Luke launches interior design career on back of stint on television show

A fledgling interior designer who got to the semi-finals of a home improvement television show is hoping the exposure will boost his career.

Luke Arthur Wells, from Hemel Hempstead.
Luke Arthur Wells, from Hemel Hempstead.

Luke Arthur Wells has turned his back on fashion styling - the subject he studied at university - to concentrate on beautifying homes instead.

The former Cavendish schoolboy was a finalist on BBC2’s Great Interior Design Challenge when amateur designers are given three days to convert a room while keeping the client’s specific brief in mind.

The 25 year old was chosen for the show after responding to a tweet that asked for men to apply.

The Great Interior Design Challenge. Judges Sophie Robinson and Daniel Hopwood with presenter Tom Dyckhoff, centre.

Luke realised his passion for interior design when he purchased his first home - an apartment in a converted mill.

“Getting my first home gave me the passion to want to do this and to be a bit more creative,” he said. “Everywhere else I have lived has always been a rented property. It is just nice to be able to do anything I want.”

Luke, who now lives in Manchester, while his parents still live in Hemel Hempstead’s Cotterells, describes his style at home as contemporary with a Nordic edge.

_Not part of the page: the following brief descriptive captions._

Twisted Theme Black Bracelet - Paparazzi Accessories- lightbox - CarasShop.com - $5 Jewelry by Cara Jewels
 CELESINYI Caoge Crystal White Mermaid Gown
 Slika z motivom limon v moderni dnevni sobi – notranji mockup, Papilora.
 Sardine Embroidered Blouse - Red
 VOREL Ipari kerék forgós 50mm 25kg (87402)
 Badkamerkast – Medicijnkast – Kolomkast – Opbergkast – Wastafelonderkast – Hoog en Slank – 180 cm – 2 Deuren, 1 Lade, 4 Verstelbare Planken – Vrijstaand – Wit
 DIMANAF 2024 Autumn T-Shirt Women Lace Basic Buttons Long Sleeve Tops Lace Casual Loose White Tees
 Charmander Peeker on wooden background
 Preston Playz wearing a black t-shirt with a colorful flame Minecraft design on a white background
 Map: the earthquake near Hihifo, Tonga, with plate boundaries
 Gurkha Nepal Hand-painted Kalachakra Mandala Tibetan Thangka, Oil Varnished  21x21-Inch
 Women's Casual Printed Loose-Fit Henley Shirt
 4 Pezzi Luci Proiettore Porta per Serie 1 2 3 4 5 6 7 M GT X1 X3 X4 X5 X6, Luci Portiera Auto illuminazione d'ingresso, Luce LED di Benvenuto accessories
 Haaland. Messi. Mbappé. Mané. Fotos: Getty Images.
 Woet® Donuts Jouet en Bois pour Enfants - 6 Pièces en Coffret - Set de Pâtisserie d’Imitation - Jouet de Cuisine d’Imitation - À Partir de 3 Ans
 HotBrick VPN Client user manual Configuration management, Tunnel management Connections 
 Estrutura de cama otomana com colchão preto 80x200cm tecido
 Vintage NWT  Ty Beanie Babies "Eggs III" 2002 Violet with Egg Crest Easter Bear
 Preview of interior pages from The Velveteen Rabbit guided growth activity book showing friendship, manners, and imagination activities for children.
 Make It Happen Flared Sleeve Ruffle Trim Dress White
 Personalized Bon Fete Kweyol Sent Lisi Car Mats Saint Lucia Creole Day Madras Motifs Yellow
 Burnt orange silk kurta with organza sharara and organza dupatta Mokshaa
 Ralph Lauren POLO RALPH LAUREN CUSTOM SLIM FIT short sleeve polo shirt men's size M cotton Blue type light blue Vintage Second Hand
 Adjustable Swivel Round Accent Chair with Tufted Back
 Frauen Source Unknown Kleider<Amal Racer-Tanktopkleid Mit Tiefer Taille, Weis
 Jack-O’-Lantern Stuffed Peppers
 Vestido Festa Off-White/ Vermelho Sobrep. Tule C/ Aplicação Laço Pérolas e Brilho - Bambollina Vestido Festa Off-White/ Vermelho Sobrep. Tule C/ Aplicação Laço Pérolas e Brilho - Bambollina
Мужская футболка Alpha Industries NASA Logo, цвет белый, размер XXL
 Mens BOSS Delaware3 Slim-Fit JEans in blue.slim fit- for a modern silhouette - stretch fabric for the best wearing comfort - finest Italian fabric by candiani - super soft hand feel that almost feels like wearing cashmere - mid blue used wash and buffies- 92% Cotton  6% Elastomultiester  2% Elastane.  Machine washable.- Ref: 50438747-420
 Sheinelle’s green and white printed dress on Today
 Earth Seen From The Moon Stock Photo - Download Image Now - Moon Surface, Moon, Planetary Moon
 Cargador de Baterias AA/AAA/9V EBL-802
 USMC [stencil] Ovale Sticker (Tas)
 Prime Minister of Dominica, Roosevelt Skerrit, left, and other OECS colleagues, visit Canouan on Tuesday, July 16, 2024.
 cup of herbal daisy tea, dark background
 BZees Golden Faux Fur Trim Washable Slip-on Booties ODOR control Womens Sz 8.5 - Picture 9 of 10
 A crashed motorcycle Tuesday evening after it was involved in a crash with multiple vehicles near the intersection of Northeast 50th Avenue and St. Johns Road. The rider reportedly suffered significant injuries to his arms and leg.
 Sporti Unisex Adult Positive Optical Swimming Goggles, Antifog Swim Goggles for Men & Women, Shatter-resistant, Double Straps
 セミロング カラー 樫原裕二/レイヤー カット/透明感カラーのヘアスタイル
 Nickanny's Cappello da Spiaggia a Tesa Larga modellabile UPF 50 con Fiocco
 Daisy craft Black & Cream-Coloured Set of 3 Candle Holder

Following the television show, Luke has decided to focus on interior design full time along with his range of up-cycled homeware, including vintage chairs, candle sticks and trinkets.

Luke Arthur Wells, from Hemel Hempstead.

“I have got quite a few bits that I have sanded back and given a new lease of life to,” Luke said. “I quite like finding something that has got a bit of history that someone might not think to keep in their house, sanding it back and then repainting it.”

Since the show Luke has received a series of positive message via Twitter and has bagged new clients too.

He said: “It has been a really good platform.”